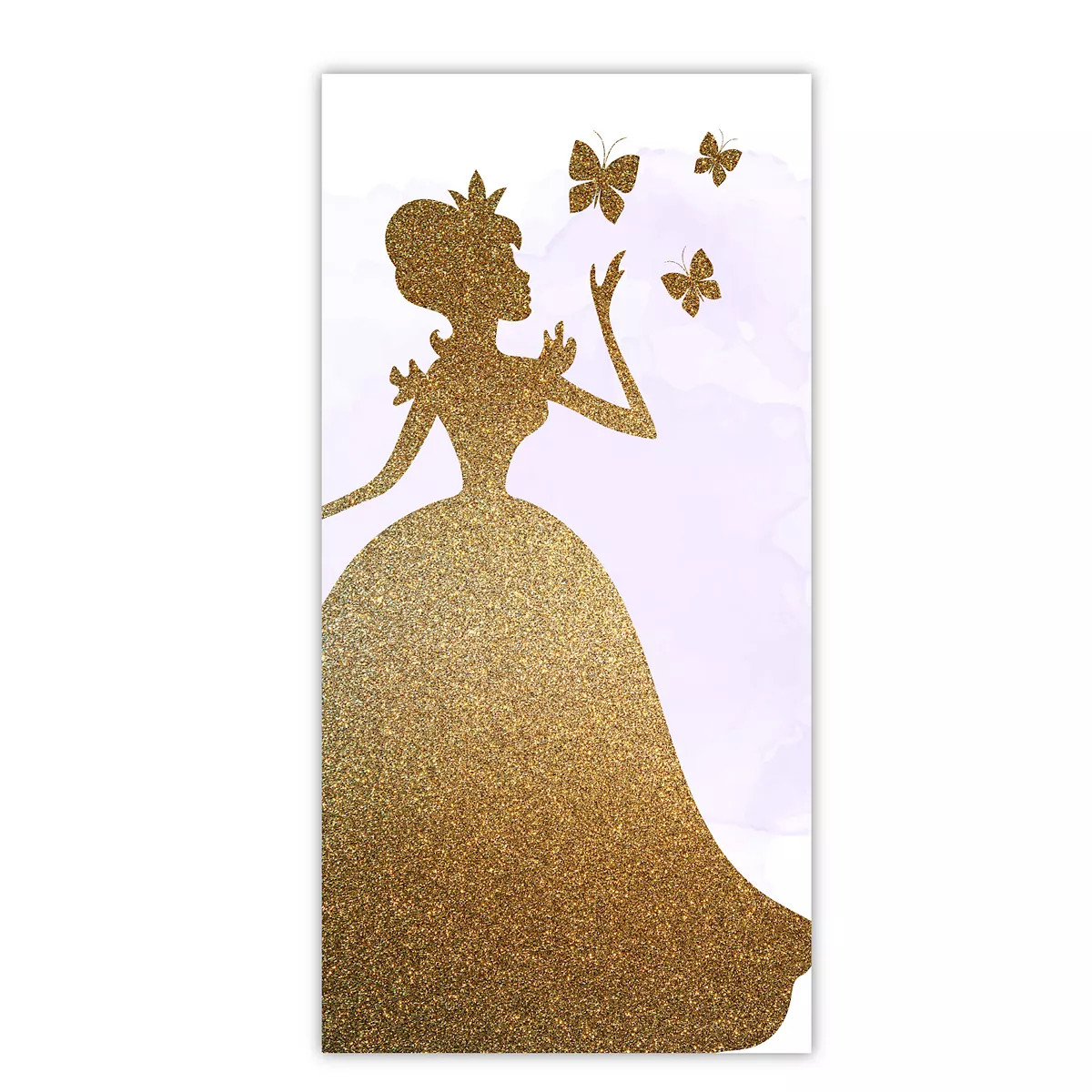 COURTSIDE MARKET Princess Canvas Wall Art | Kohl's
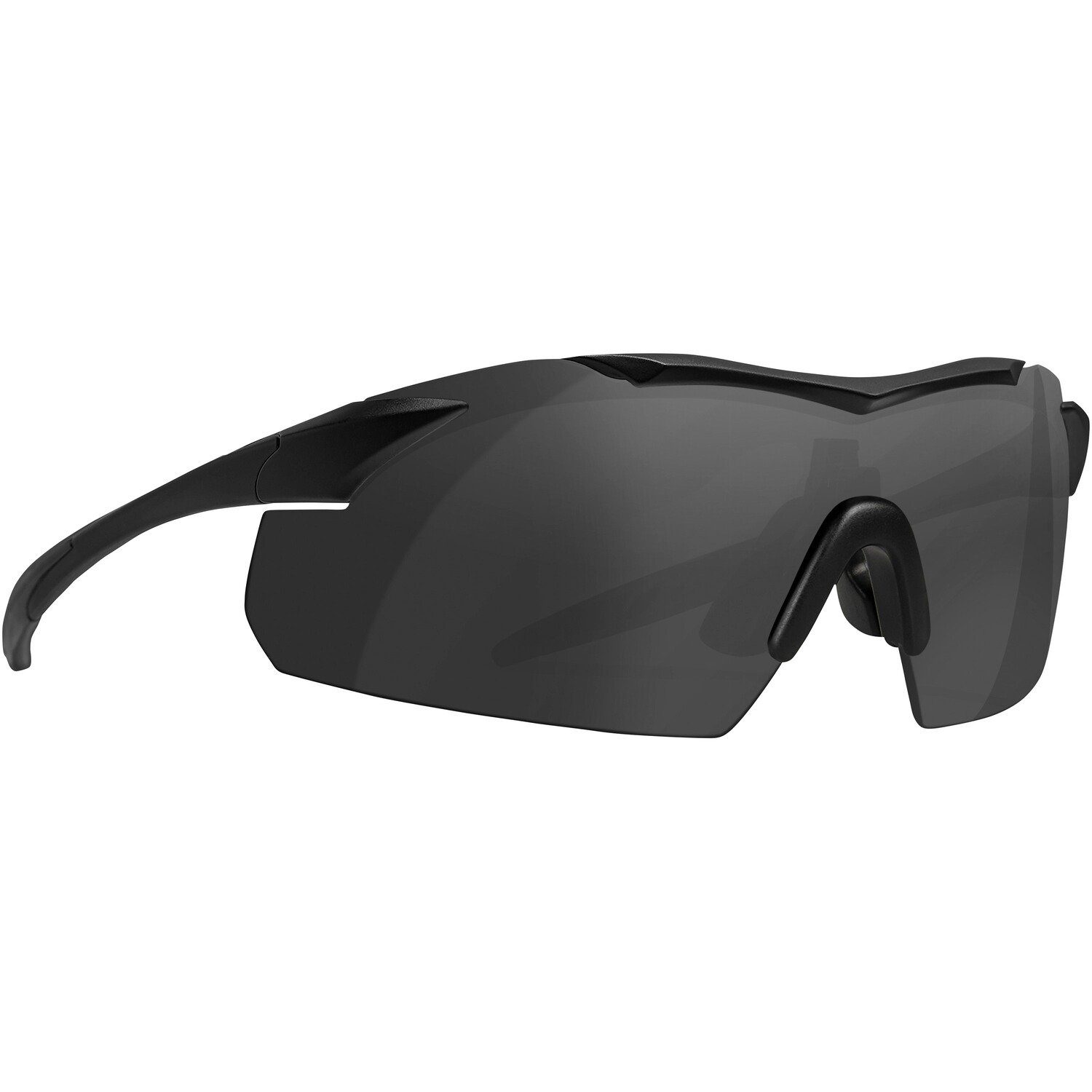 Wiley X Sonnenbrille Set Brille WX VAPOR 2.5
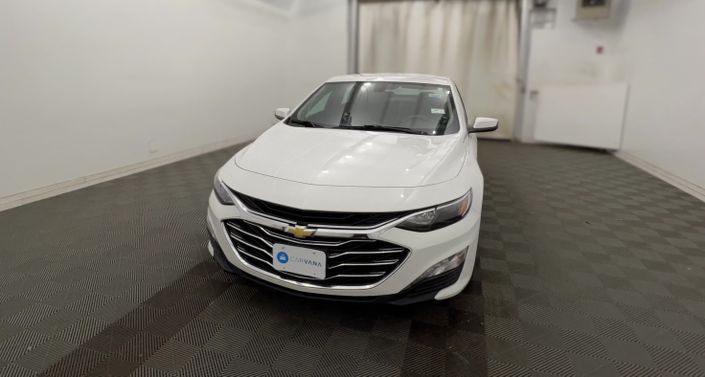 2022 Chevrolet Malibu LT -
                Framingham, MA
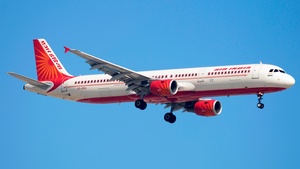Photo of VT-PPH - Airbus A321-211 operated by Air India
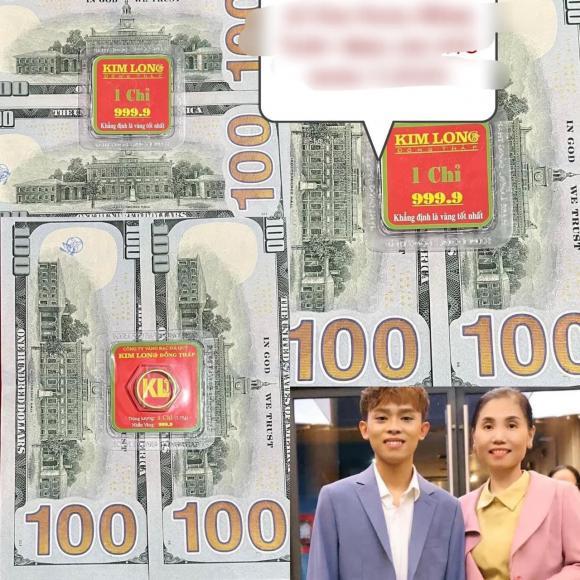 Hồ Văn Cường nhận cơn mưa tiền cực khủng từ fans lớn tuổi-7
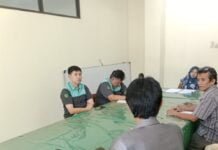Menejer & HRD ynt PT Prokemas Adhikari Kreasi Tidak Faham Tupoksi Di Dalam Perusahaan, Ada Dugaan Asal Masuk Tanpa Ada Seleksi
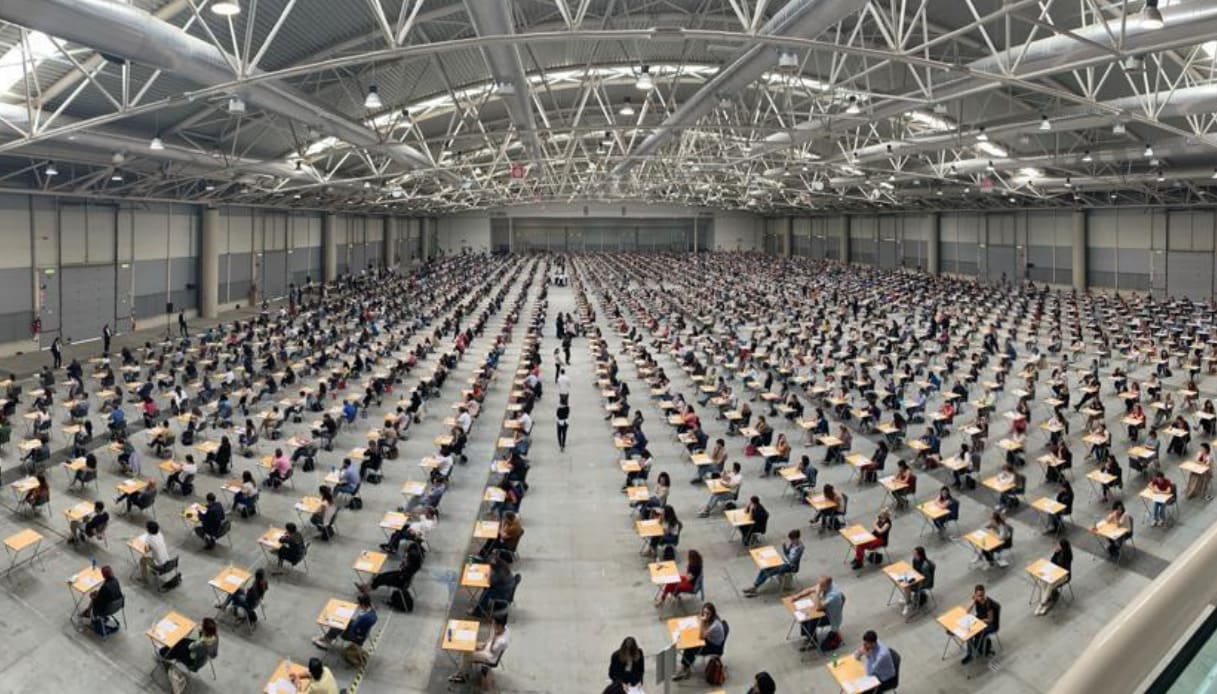 Concorsi pubblici, posti riservati ai volontari: la novità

TASK ITEM: Starting at the line that contains "Framingham, MA", reproduce exactly and only the lines through the end of the entries above, with the pictures excluded.

EXPECTED ANSWER:
                Framingham, MA
Photo of VT-PPH - Airbus A321-211 operated by Air India
 Hồ Văn Cường nhận cơn mưa tiền cực khủng từ fans lớn tuổi-7
Menejer & HRD ynt PT Prokemas Adhikari Kreasi Tidak Faham Tupoksi Di Dalam Perusahaan, Ada Dugaan Asal Masuk Tanpa Ada Seleksi
 Concorsi pubblici, posti riservati ai volontari: la novità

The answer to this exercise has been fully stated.